ロシア平昌五輪除外…国ぐるみドーピング不正許さん!IOC厳罰

 国際オリンピック委員会(IOC)は5日、スイスのローザンヌで理事会を開き、国主導でドーピングの組織的不正があったとしてロシア・オリンピック委員会(ROC)を資格停止とし、来年2月の平昌五輪から同国選手団を除外することを決めた。一方で厳しい条件をクリアして潔白を証明した選手は「ロシアからの五輪選手」として個人資格で参加を容認した。国旗や国歌の使用は認めない。冬季スポーツ大国への厳しい処分に対し、日本のフィギュア陣、アイスホッケー女子代表からは困惑の声が上がった。

 2014年ソチ五輪の不正を独自調査したIOCは証拠を積み上げ、「弱腰」と批判された昨年のリオ五輪に比べて厳しい処分に踏み切った。

 険しい表情で会見に臨んだIOCバッハ会長は、ドーピング問題について「全ての疑惑が裏付けられ(不正に)見合った処分が下せた。五輪に対する前代未聞の攻撃だ」とロシアを非難。「ボイコットは何も生まない」と反発をけん制した。

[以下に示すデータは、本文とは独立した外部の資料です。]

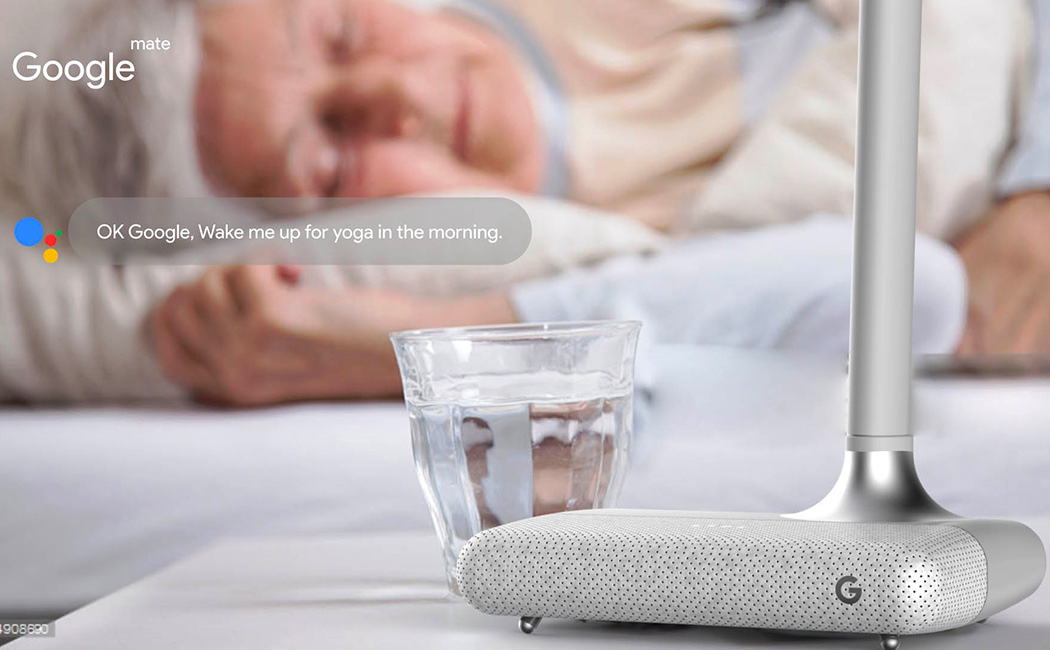 Products for the elderly，intelligence，Desk lamp，mobile phone，alarm clock，industrial design，product design，google，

 IOCはリオ五輪では参加可否の判断を各国際競技連盟に委ね、約280人のロシア代表選手が出場した。今回はリオで揺らいだスポーツの公正さや健全性といった価値を守ることが最優先された。ただ潔白な選手の権利を守ることも重視し、個人資格での出場の道を残した。

 個人資格での参加可否は世界反ドーピング機関(WADA)やIOCの代表者で構成する新設の委員会が決める。違反歴がないことや大会前の検査を受けることが条件となる。

 IOCはROCのジューコフ会長のIOC委員資格を停止し、不正が行われたソチ五輪当時のスポーツ相、ムトコ副首相を五輪から永久追放した。調査費用などとしてROCに計1500万ドル(約17億円)の負担も求めた。

 ソチ五輪を巡っては、ロシアによる組織的な薬物投与や検体すり替えがあったとの疑惑が昨年浮上。WADAが国家主導の不正を認定。同国はソチ五輪で金メダル13個、メダル総数33個を獲得し、ともに国別でトップだったが、IOCが実施した検体の再検査で違反者は25人に上り、金4、銀6、銅1のメダルハク奪が決まっている。

 国旗や国歌の使用禁止は、国主導の不正を許さないというIOCからの強いメッセージとなる。スポーツに国威発揚の色合いが濃いロシアは、不正の大きな代償を払うことになった。